Preliminary analyses

ATGL showed adequate reliability (α = .65) and thus participants’ ratings were averaged. The lower the score, the more positive the attitudes toward gay men and lesbian women. Overall, participants showed positive attitudes (M = 1.80, SD = .84; t-test against the midpoint of the scale: t(126) = −29.42, p < .001), but these were more positive for LGB (M = 1.44, SD = .48) than heterosexual participants (M = 2.09, SD = .95; t(125) = −4.67, p < .001).

Analyses including participants’ gender did not show any significant interaction and showed the same pattern of results of the main analyses reported below. Hence, this variable was not considered any further.

Perceived SO—dichotomous choice

We examined the data in two ways as in seminal gaydar work (Rule & Ambady, Citation2008).
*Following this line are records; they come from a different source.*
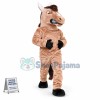 Mustang Mascot Costume
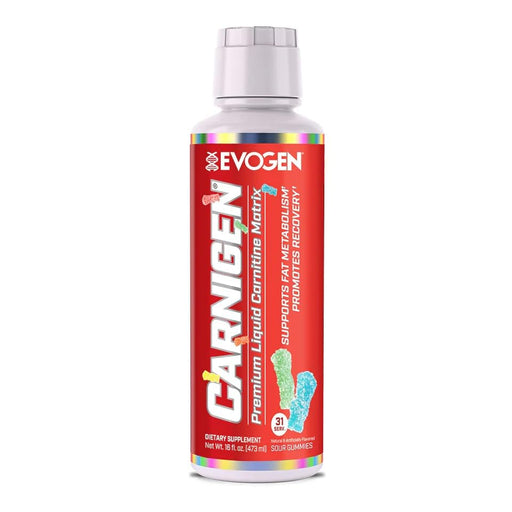 Evogen Carnigen, Sour Gummies 473ml - Slimming and Weight Management at MySupplementShop by Evogen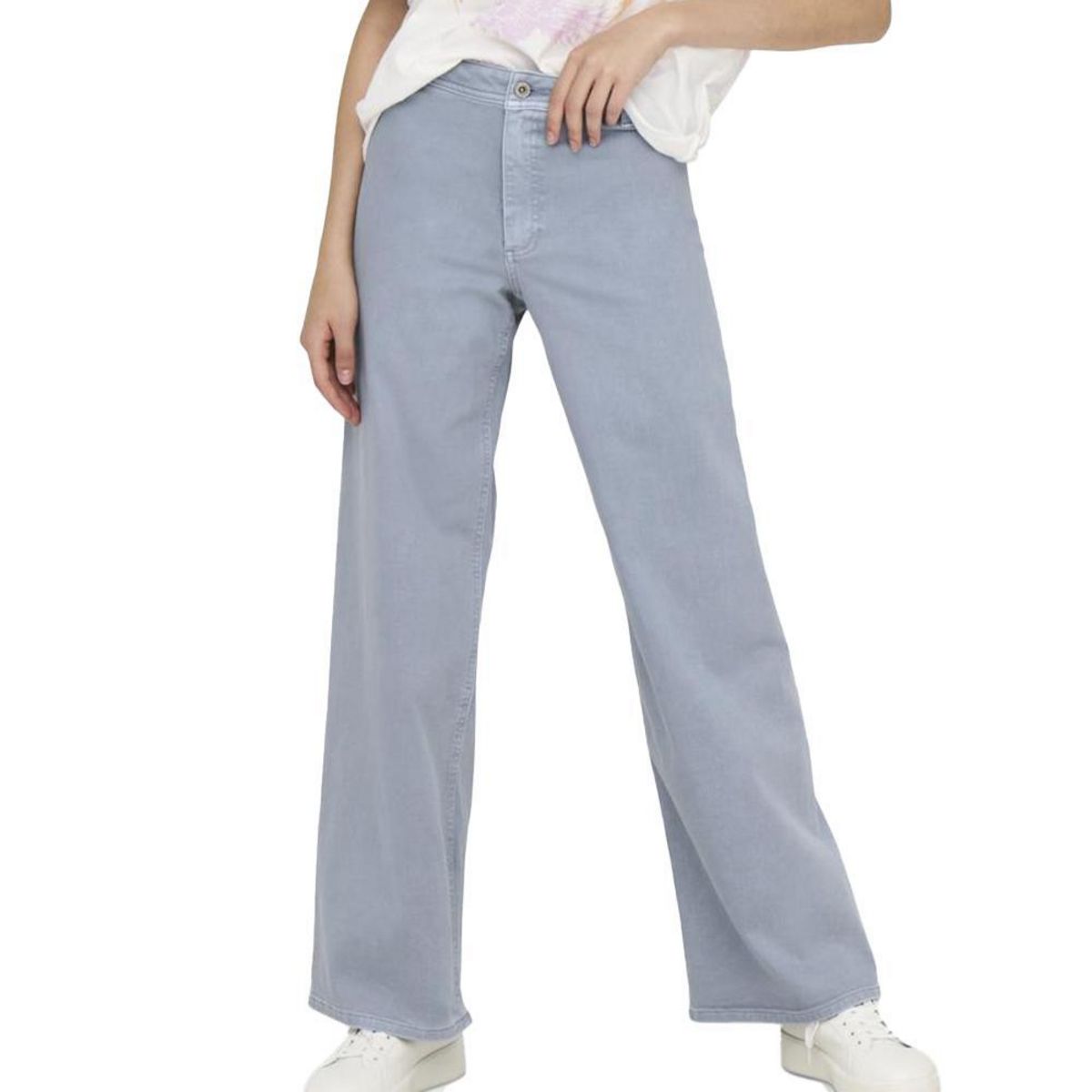 JACQUELINE DE YONG Jean Loose Fluide  Femme JDY Iris   XS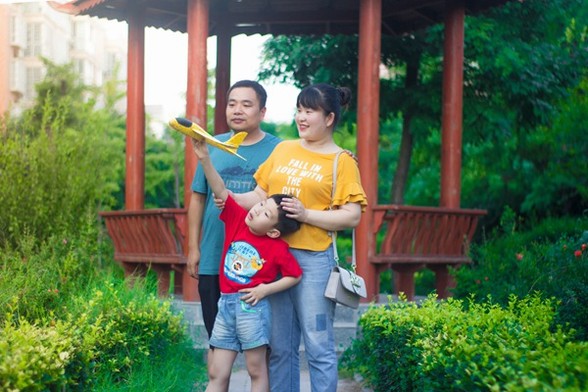 “騎士”與“仙子”的幸福生活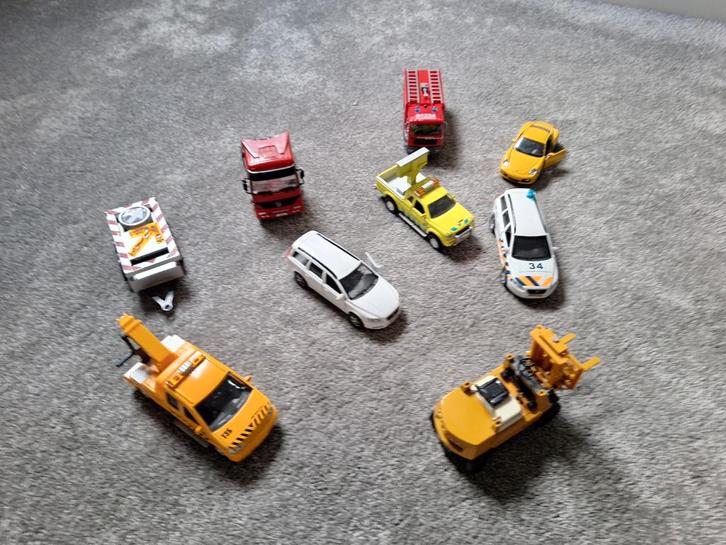 Diverse Speelgoedauto's - Set van 8, Kinderen en Baby's, Speelgoed | Overig, Gebruikt, Jongen of Meisje, Ophalen of Verzenden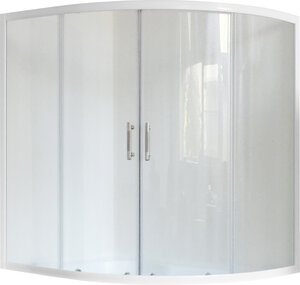 Изображение товара Шторка на ванну Royal Bath Alpine RB 170ALP-T 170 см, прозрачное стекло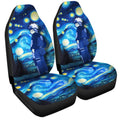 Uzumaki Naruto Car Seat Covers Custom Starry Night Styles - Gearcarcover - 3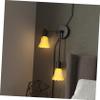 SOLUSTRE Elegant European Glass Light Shade Stylish Lamp Cover for Ceiling Wall Floor Lights Durable Creative Chandelier Cover Unique Home Decoration Accessory view 3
First, we looked at the descriptive accuracy for each target group. For each participant and target group we calculated the percentage of correct categorization by dividing the correct answers (multiplied by 100) by the total number of speakers. We then submitted these scores to a 2 (Speaker SO: gay/lesbian vs. heterosexual) X 2 (Speaker gender: male vs. female) X 2 (Participant SO: LGB vs. heterosexual) repeated measures ANOVA where the first variable was a within-participants factor and the others were between-participants factors. A main effect of Speaker gender, F(1,123) = 6.68, p = .011,h2 = .05, indicated that on average female speakers (M = 58.9%, SD = 14.60) were more likely to be categorized correctly than male speakers (M = 51.87%, SD = 15.72). Also, a significant main effect of Speaker SO, F(1,123) = 80.46, p < .001, ηp2 = .39, showed that heterosexual speakers (M = 70.23%, SD = 22.37) were more likely to be correctly categorized than gay/lesbian speakers (M = 40.47%, SD = 25.51). This effect was qualified by a significant interaction with Participant SO, F(1,123) = 4.20, p = .042, ηp2 = .04. Pairwise comparisons (Bonferroni correction) showed that LGB participants (M = 45.61%, SD = 26.39) were better than heterosexual participants (M = 36.28%, SD = 24.15; p = .03) at categorizing gay/lesbian speakers, whereas no difference was found for heterosexual speakers (MLGB = 68.07%, SD = 21.22 and Mheterosexual = 72%, SD = 23.19; p = .25). No other significant effects or interactions were found (Fs < 1.03, ps > .31).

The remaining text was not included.